Segment Start: Data

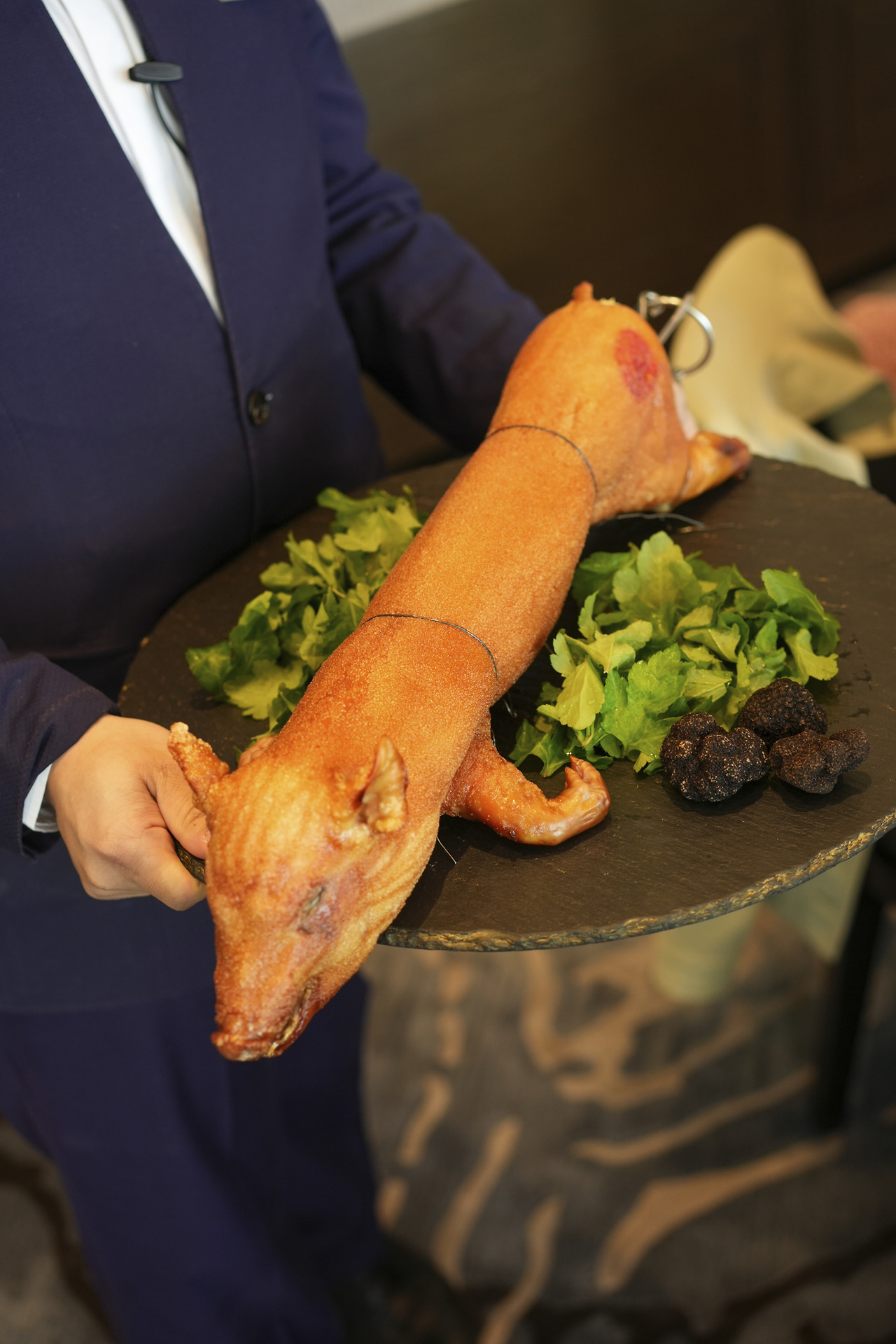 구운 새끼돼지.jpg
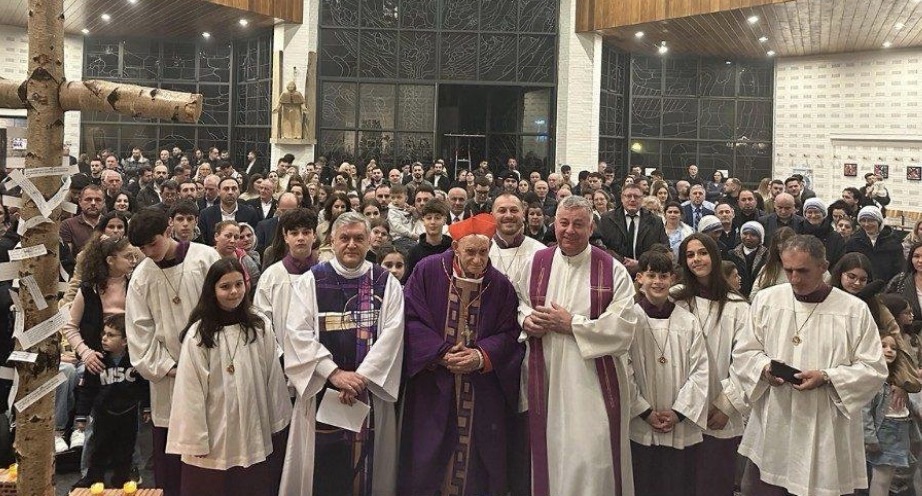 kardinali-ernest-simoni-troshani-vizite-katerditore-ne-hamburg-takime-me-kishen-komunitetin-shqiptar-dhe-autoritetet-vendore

Segment End: Data
Segment Start: Data

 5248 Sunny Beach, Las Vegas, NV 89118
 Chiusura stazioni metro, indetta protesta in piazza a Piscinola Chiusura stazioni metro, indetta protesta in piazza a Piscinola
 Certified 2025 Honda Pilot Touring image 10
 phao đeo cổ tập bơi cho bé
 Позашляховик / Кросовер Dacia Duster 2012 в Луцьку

Segment End: Data

▸ **Work instruction**: In the listing above, locate the line with "Certified 2025 Honda Pilot Touring image 10" and the line with "Позашляховик / Кросовер", then extract exactly those lines and every line between them, and nothing more.

▸ **Answer for the task**:
 Certified 2025 Honda Pilot Touring image 10
 phao đeo cổ tập bơi cho bé
 Позашляховик / Кросовер Dacia Duster 2012 в Луцьку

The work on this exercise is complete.